I spent some time on the beach the other day, just listening to the water and watching it crash over the rocks, thinking and meditating. The issue on my mind was heavy: my never-ending cycles of bad habits. I wanted to figure out why I seem to make the same mistakes over and over again. I wanted to understand why I screw up so often, why I get so tongue-tied and stupid, why I can't figure out what I want, why I put myself in the same dead-end situation time and time again. For someone who knows so much about learning, why does it seem that I'm not learning from my experiences?
I decided that I am kind of like that rock. You know, the one that stands a couple of feet out into the water where the waves crash? It makes for a beautiful picture, and, I think, an appropriate metaphor. I am a firmly, deeply, rooted rock. I know that I am strong! Fierce storms and hurricanes and tidal waves and tsunamis have all hit this beach, but my roots go deep and I always come out standing tall.
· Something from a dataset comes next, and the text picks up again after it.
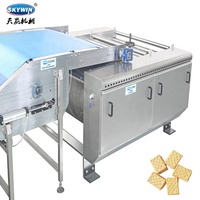 Ligne de production de biscuits entièrement automatique, machine automatique de fabrication de biscuits, machine automatique de sandwichage de biscuits à la crème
The thing is, even though I know this truth, there is still a little part of me, deep down, that gets scared and thinks, with each approaching wave, Will this be the one to take me down?
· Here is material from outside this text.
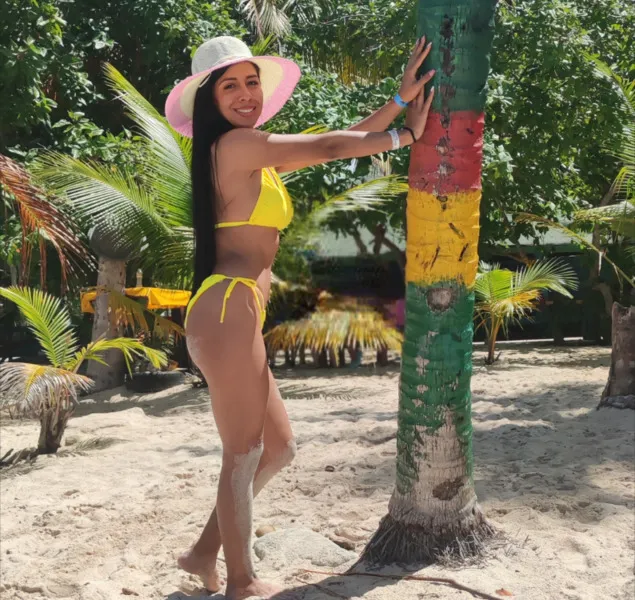 Live sex webcam photo for BiancaHadid #3125621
Observing from the outside, it seems like an absurd phenomenon. I mean, I've survived 20-foot tidal waves! The Category 5 hurricane beat me and bruised me but in the end I remained. No crash, however big, or high, or strong, or fast, has been able to take me out. Why would I fear this tiny crest? But to that small part inside, it is a legitimate threat, and it's scary.
The challenge, then, is to look from the outside. If I only focus on the inside, all I will see is the fear. But, if I can step outside myself and recognize the bigger picture, perhaps then I will have the strength to act in spite of it. For that is true courage. Not the absence of fear, but the ability to recognize it and still move forward.
As the sun set, I came to the conclusion that I do not want to let fear control me. It will take all the life and joy out of me if I do. Sure, sometimes life hurts. But if I held back every time something in my life scared me, or held the possibility of hurt, I wouldn't have much of a life at all. And that is not what I want. I want to feel the rush of confidence when I conquer something new. I want to make memories. I want to move mountains. I want to try everything once. Because if I listened to my own advice, I would realize that I'll never know what could be if I never try, and if I never try, I'll always wonder. I don't want to have to sit at the end of my life and wonder what it might have been like. I want to know. And even if it does hurt, I know that I will come out standing, as always, grateful for the experience.